Lumen Gentium
Volgend jaar gedenken we dat het zestig jaar geleden is dat het tweede Vaticaanse concilie zijn eerste grote document publiceerde: de dogmatische constitutie over de Kerk, Lumen Gentium. Het achtste hoofdstuk is aan Maria gewijd, met als thema: De Moeder van God, de heilige maagd Maria in het mysterie van Christus en de Kerk. De tekst gaat over de medewerking van Maria aan de verlossing en over de heilsbemiddeling door Maria, dus over hoe Maria voor ons tussenbeide komt en de genade van Jezus Christus bemiddelt. Het concilie heeft dus de taak en de zending van Maria onderstreept: haar zending zo'n tweeduizend jaar geleden als Moeder en medewerkster van de Verlosser, en haar zending nu en tot aan het einde der tijden, als onze Moeder, onze voorspreekster en middelares.
Paus Johannes Paulus II
Paus Johannes Paulus heeft de grote lijn van het conciliedocument uitgewerkt in zijn Encycliek Redemptoris Mater (1987), die helemaal gewijd is aan de zending van Maria in het leven van de Kerk. Het derde deel van dit pauselijk document gaat over de 'Moederlijke bemiddeling', over Maria als onze Moeder en Middelares.
Paus Johannes Paulus II heeft altijd een grote devotie gehad voor Maria, in de lijn van de heilige Louis-Marie Grignion de Montfort. Maar een ervaring die de devotie van deze paus voor de Moeder van God heeft versterkt, was de aanslag die op 13 mei 1981 – gedenkdag van de eerste verschijning van Maria in Fatima – door Ali Agça werd gepleegd. Tijdens de algemene audiëntie van 7 oktober van dat jaar, gedachtenis van Onze-Lieve-Vrouw van de rozenkrans, getuigde hij over de dag van de aanslag: "In alles wat mij juist op die dag is overkomen, heb ik Maria's buitengewone moederlijke bescherming en zorg ervaren, die sterker bleek dan het dodelijk projectiel". Die persoonlijke ervaring van Maria's bescherming en zijn eigen beleving van de Mariale devotie uit zijn jeugd heeft zeker het verlangen in Johannes-Paulus gesterkt een Encycliek uit te brengen over de rol van 'de heilige Maagd Maria in het leven van de pelgrimerende kerk', zoals de ondertitel van die Encycliek luidt.
Wat voor bemiddeling?
De bemiddeling door Maria is méér dan voorspraak: het is een moederlijke bemiddeling gericht op het steeds weer geboren laten worden van Christus in de wereld; door Maria is de vrouwelijke dimensie van het heilsgebeuren blijvend tegenwoordig, heeft Jozef Ratzinger (paus Benedictus XVI) ooit eens gezegd.

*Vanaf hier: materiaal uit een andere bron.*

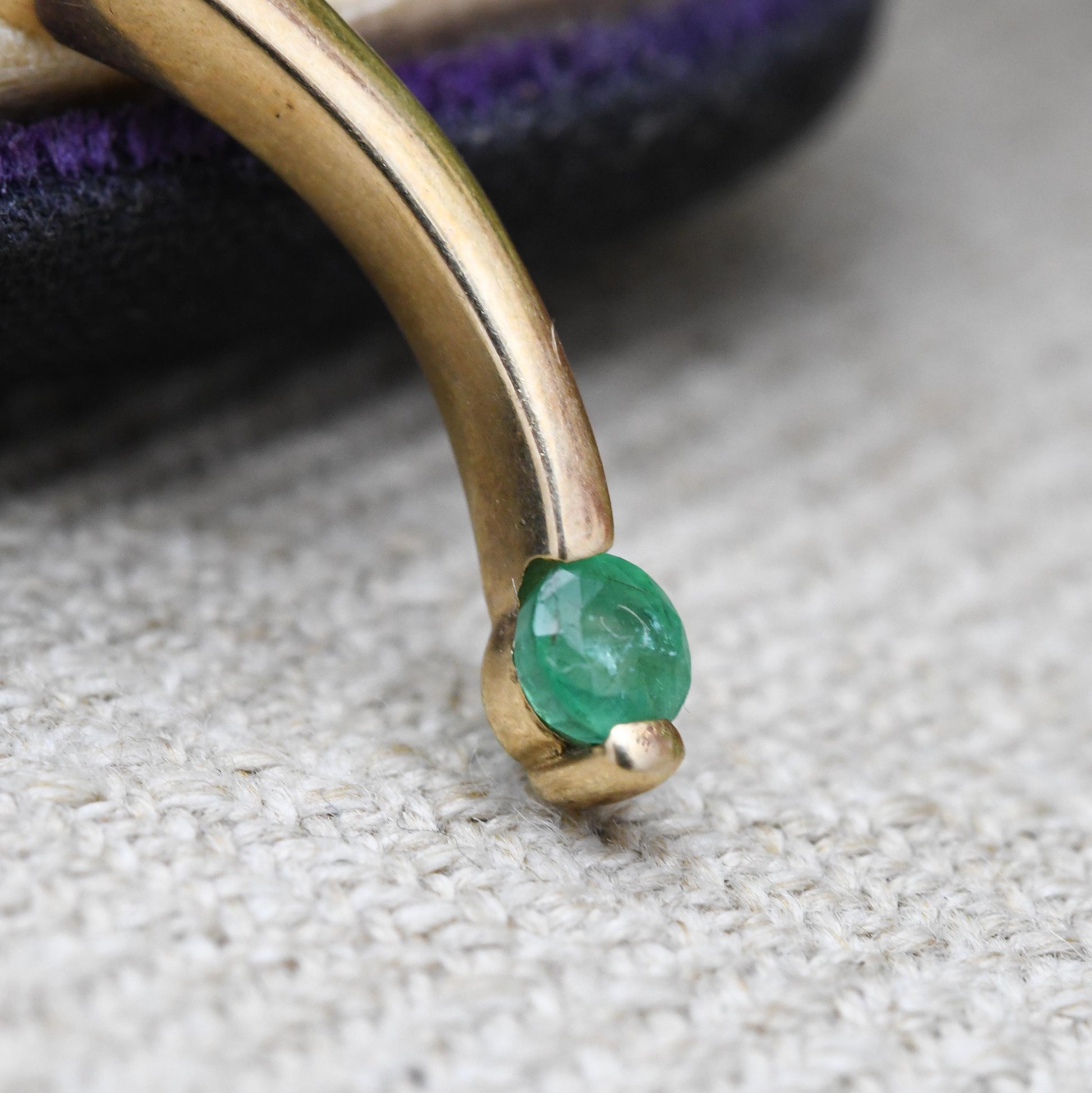 Vintage 9ct Gold Emerald Pendant - Green | Necklace Gold Jewellery Gift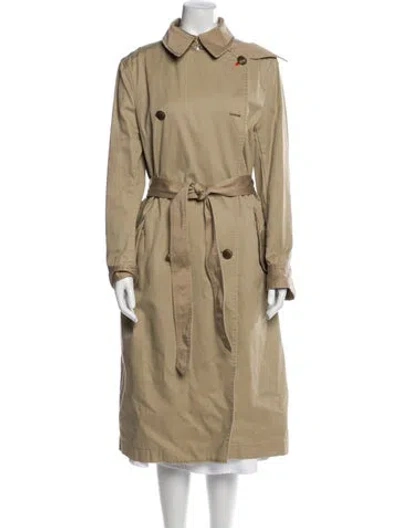 Pre-owned Rag & Bone Trench Coat In Brown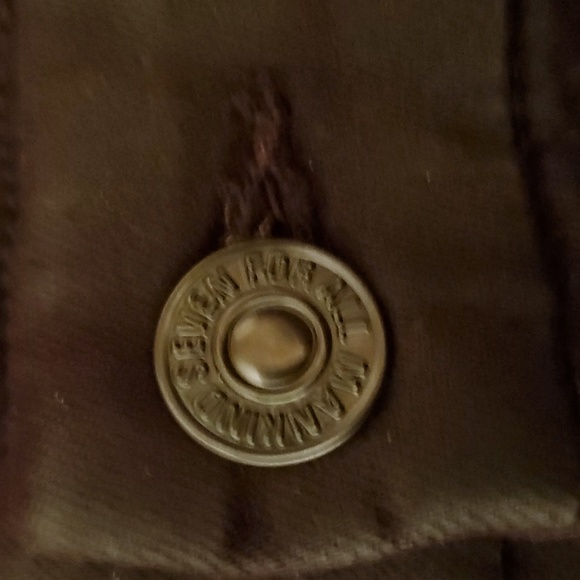 7 For All Mankind Waxed Distressed Women's Skinny Brown Pants - Size 27 - Picture 7 of 13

De titel 'middelares' wordt slechts één keer kort vermeld in het conciliedocument Lumen Gentium (LG 62). Daar wordt beklemtoond dat die bemiddeling door Maria niets afdoet aan het enige middelaarschap van Jezus Christus. Jezus is dé Middelaar en de bemiddeling door Maria staat in dienst van en is ondergeschikt aan het middelaarschap van Jezus Christus.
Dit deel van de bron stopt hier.